The CAP describes measures to cut greenhouse gasses in the county, aiming for net-zero carbon emissions by 2030. It proposes a variety of options for cutting emissions in an effort to reach the target year, from reducing vehicle emissions to the electrification of buildings.
But, as previous comments on drafts of the plan have noted, the plan does not concretely explain how its outline will get the county to carbon neutrality by the 2030 target.
The target year was established in the county’s 2020 climate emergency declaration. In that same document, the county promised to form a Climate Emergency Mobilization Task Force, a group that would “oversee the development and implementation of a climate emergency response plan.”
John Lundgren, the county’s sustainability manager, said that work will be done with the help of that task force.
“The CAP gets us part way there,” Lundgren said. “But the county staff and the task force is going to be responsible for coming up with the climate emergency response plan that shows how we get all the way there.”
The task force was formed this year and held its first meeting in October. The group’s members include a variety of people with technical expertise as well as people with a history of focusing on environmental justice.
Once the climate action plan is adopted, the county will have a year to create a concrete outline which will get at exactly how the CAP will meet its 2030 target, with assistance from the task force. Since the plan has not yet been adopted, Lundgren said the county and task force are not yet operating under that deadline.
But that isn’t stopping the task force from doing its work. Timothy Alavi-Irvine, chair of the task force and a local environmental activist, was part of the 2020 effort that culminated in the county’s declaration of a climate emergency. He said he and other task force members have followed this issue for some time and have ideas on what to prioritize.
“We know roughly what we need to focus on,” Alavi-Irvine said. “Even though some parts of the CAP might change, a lot of the CAP and a lot of the main thrust of what we need to do is not going to change.”
Alavi-Irvine said one priority for the task force will be to focus on “environmental justice communities.” Often, this describes low-income communities of color that are hit hardest by the impacts of pollution and climate change, and have fewer resources to respond.

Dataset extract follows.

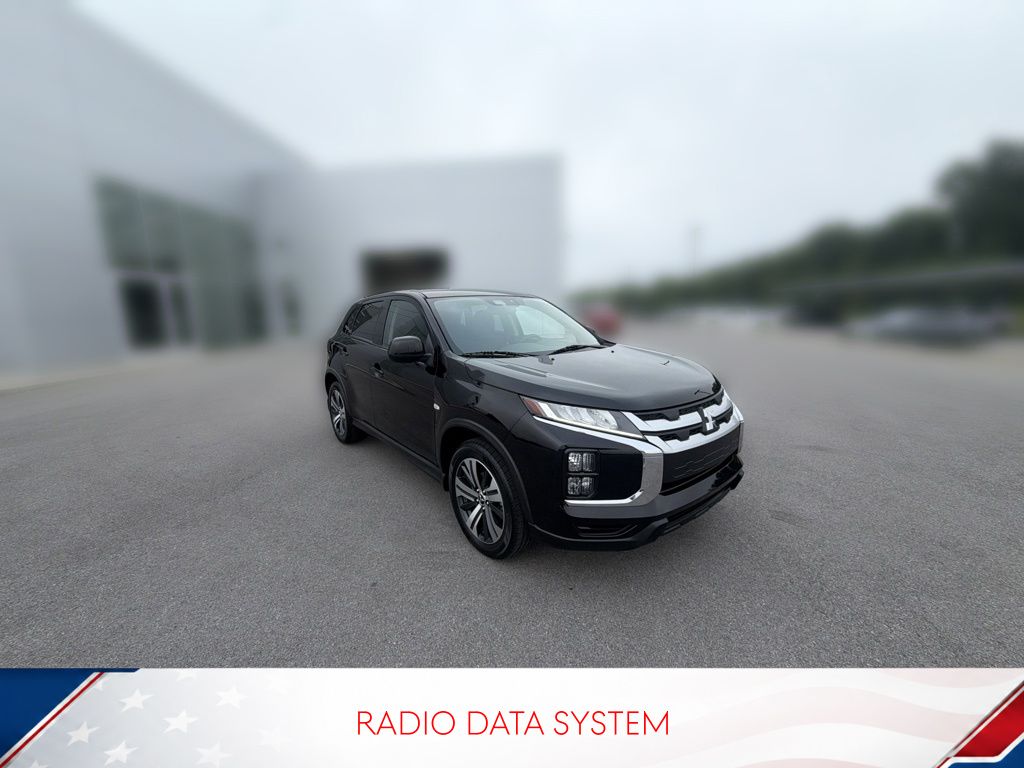 Used 2024 Mitsubishi Outlander Sport ES with VIN JA4ARUAU1RU010796 for sale in Mayfield, KY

Locally, he said that this would mean fortifying areas like South Sacramento and Arden-Arcade.
“Those are definitely priority geographic areas for us and priority communities for us,” he said. “We want to move forward centering equity and understanding that climate collapse is going to hit poorer people and people of color and people without adequate political representation worse and it's going to hit them first.”
Supriya Patel, vice chair of the task force and founder of the Sacramento chapter of Fridays for Future, said she also wants to make sure that the task force’s work is accessible.
“I know that a lot of times these discussions around climate policy can be relatively hard to find or inaccessible to people who have not previously engaged in them,” Patel said. “I really love how the task force has such a goal of reaching out to all different types of communities, from labor communities to our unhoused population to youth.”
Patel said it’s important that they work efficiently.
“2030 is not very far away,” Patel said. “But that doesn't mean that it's not a goal that we should work towards because with the severity of the climate crisis, it is absolutely necessary to take that action incredibly quickly.”
The task force plans to meet on the second Thursday of every month at 6 PM.